Just thought we could share some ideas on what we use to help make our favorite lifestyle easier... This is a pry bar/chop stick I made, works great to help slide big rounds around or cut strings down in the split. A few other tools, measure stick in the middle has holes spaced about 2" apart with screw for wood length. Small wooden platform built from 2×8 and 2 pieces of decking boards underneath. It is a shade higher than foot of splitter, makes getting bigger pieces on splitter easy. Metal platform that we use for the big rounds.
The pictures show most of the equipment we use, especially the first picture which shows atv, trailer, saw, measuring stick, log tongs, cant hook, pickeroon and wire basket for holding gas, oil, tools and water. Below is the tractor with FEL and trailer, although we don't use this trailer much. And of course the splitter plus milk crate and hot seat. Well, gloves and ear protection too.
Lots off great tools you have there. I too use a long breaker bar to help bust open big splits and make it easier to move them around. I like the idea of the boards in front of the splitter foot.
Great thread! I'd say next to my chainsaws & axe, my hookaroon and my tire are my most valued tools. The tamper bar is a great idea for when I'm wedging out the big stuff. Never would have thought of that but just added it to my arsenal. Thanks for the tip!
I had one of those, but about 4 inches wider. Was originally for scraping chicken chit off of concrete floors where it got really caked on bad sometimes. I ruined it scraping bark off of pine logs. Bent in just about the same spot as that one. I have some solid bars but at 4 feet they're a bit heavy.
I think that blade is 3/8×3 or 1/2×3. When we pressed the 1 1/2" pipe flat to weld it, that's how the bend got there. Actually worked out great as it creates an offset. It is pretty heavy, but that helps in chopping, I have used it to debark logs some. That's a workout...
Great idea to share labour saving inventions. I will attach a video of my log holder and holding table I designed and detailed plans if anyone is interested. My favourite back saving tool is my Fiskars hookaroon.

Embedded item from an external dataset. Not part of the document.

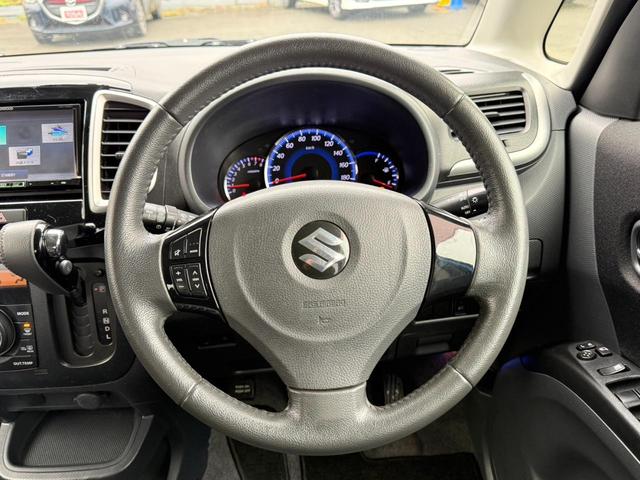 ソリオバンディット 4WD 純正エアロ 両側パワースライドドア KENWOOD製メモリーナビ HIDヘッドライト ETC スマートキー オートライト オートエアコン ステアリングスイッチ DVD再生 純正アルミホイール(12枚目)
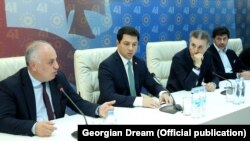 Бидзина Иванишвили (второй справа) на заседании парламентского большинства «Грузинской мечты», 13 ноября 2019 года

I was a great fan of Fiskars axes and use the X27 for all my splitting but I am finding lately that splitting knotty pine the edge goes very quickly. Even after about 20 minutes the edge starts to not only get dull but actually really dinted. Never had this problem with ash which is considered a hardwood. Edging again with a file and stone is very time consuming - anybody got any ideas?
The bar is very useful and the cant hook is old. I know I used it when we had our Mobile Dimension sawmill in 1980...we also had a 5' hook, but the handle rotted, I bought a 4' cant hook, but the hook on it wouldn't grab the big logs securely, I swapped the hook from the 5 footer, works well now.
Is it the same axe you were using on the ash? If not, it could be the metal is not as good. You could also change to a steeper/wider angle on the blade. Another thing is even though pine is considered a softwood, the knots are extremely hard, that's where the resin is concentrated. Down here in the South, we have old growth pine stumps called fat lighter. It is HARD. Really tough on a saw chain.
I'm sure it's come up in a thread somewhere...but how do you like that Yutrax trailer? I'm considering one...but it's a lot more $$$ than another one I'm considering.
This hatcharoon has been a life saver. I won’t work without it. It’ll pick up a 100lb round. The flat part of the blade that’s left acts as a release fulcrum. Just smack the handle down and it pops out. One of my most useful tools. Handle did come apart because they used a strong rubber to hold them in. I got all the rubber off and used JB weld to put it back on.
I use the x27 all the time, though not on pine, no problems with it. You have nails or wire in that pine? Makes no sense to me that it goes dull on softwood.
I don’t have a Fiskers of any sort. It’s possible the metal was just case hardened which if I remember my terminology correctly means just the outer surface is hardened. Once you sharpen it enough you’ll get to the softer core. I know none of this as fact. Just seen it happen on tools over the years. Mason hammers and cartridge reloading dies mostly.
There is no metal or stone embedded in the wood but there are knots in the pine that creep deep into the wood and the axe just bounces off.
That is excellent! I'm a tire trick/hand splitter guy myself and that is one of the best processing inventions I've seen in some time. Great work!